Sicily-An island touching different worlds
Sicily is full of beguiling contrasts. The untamed west vies with the flawless Greek classicism of the east and every Mediterranean civilization has passed by, bequeathing marvels fit for the gods and a rich gastronomic heritage.
Palermo has bustling markets and grand architecture. Sample fish couscous and the typically Sicilian atmosphere of Palermo’s riviera. Erice is a medieval fairy-tale on a hilltop, and Marsala is the eponymous heart of wine country. Nature lovers can walk in Zingaro Nature Reserve and on the lovely sweeping sands of San Vito Lo Capo. Along the coast, Cefalù has it all; fascinating alleys, an imposing square with its grand Norman Cathedral and a long stretch of golden beach.
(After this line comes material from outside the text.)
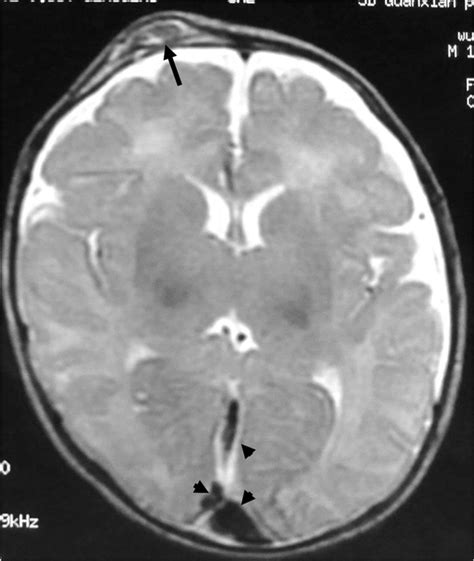 MR imaging, axial, T2-weighted, showing a small right frontal scalp ...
Western Sicily-a rich melting pot
The most African of the island’s landscapes, the North West saw a cultural melting pot of Phoenicians,Greeks and Arabs settling in Sicily.Their stamp remains.This has also been the historic heartland of the Cosa Nostra network,a fact that today lends little other than a frisson of mistery to towns such as Castellammare,Alcamo and Partinico.
Below sweeping mountain scenery some great beaches are among this largely unspoilt area’s many assetts-from the largely untrammelled sands of Selinunte and the big golden arc of San Vito Lo Capo, to the secluded coves of the Zingaro Nature reserve and the little bay of Guidaloca,east of Scopello.In the west, beachside restaurants specialise in fish couscous while buzzy little cafes,serve delectable deserts called caldo-freddo.
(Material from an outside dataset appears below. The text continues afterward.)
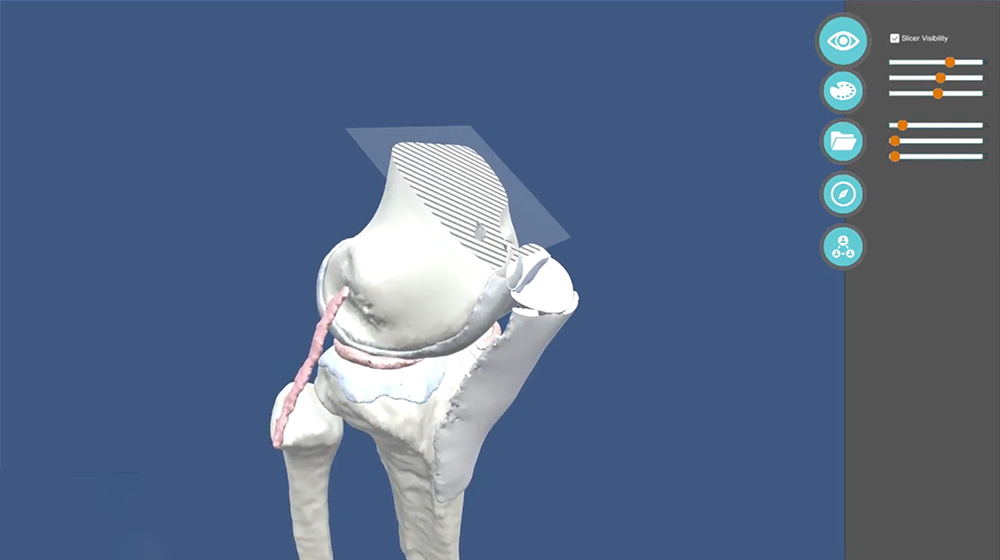 A virtual look at a bone.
Incontestably,some of the island’s most charismatic ancient sites are also to be found in the West-the Greek temple and theatre of Segesta,surrounded by rolling meadlowland and the Phoenician site on the island of Mozia,just off Marsala.
Selinunte’s Doric columns are special too,as is the Phoenician ruin of Solunto,perched on the slopes of Montecatalfano.But be prepared for contrast.From the vibrant port town of Trapani you can take a boat across to Sicily’s captivating Egadi Islands or a cable car which whisks you up into the medieval walled town of Erice where you can almost feel that you have been transported to Tuscany.
You only need a Visa if you are coming from South Africa, not from other countries such as Canada, USA, Australia, New Zealand etc.Of course, you would need a valid passport. Make photocopies of your passport for your piece of mind.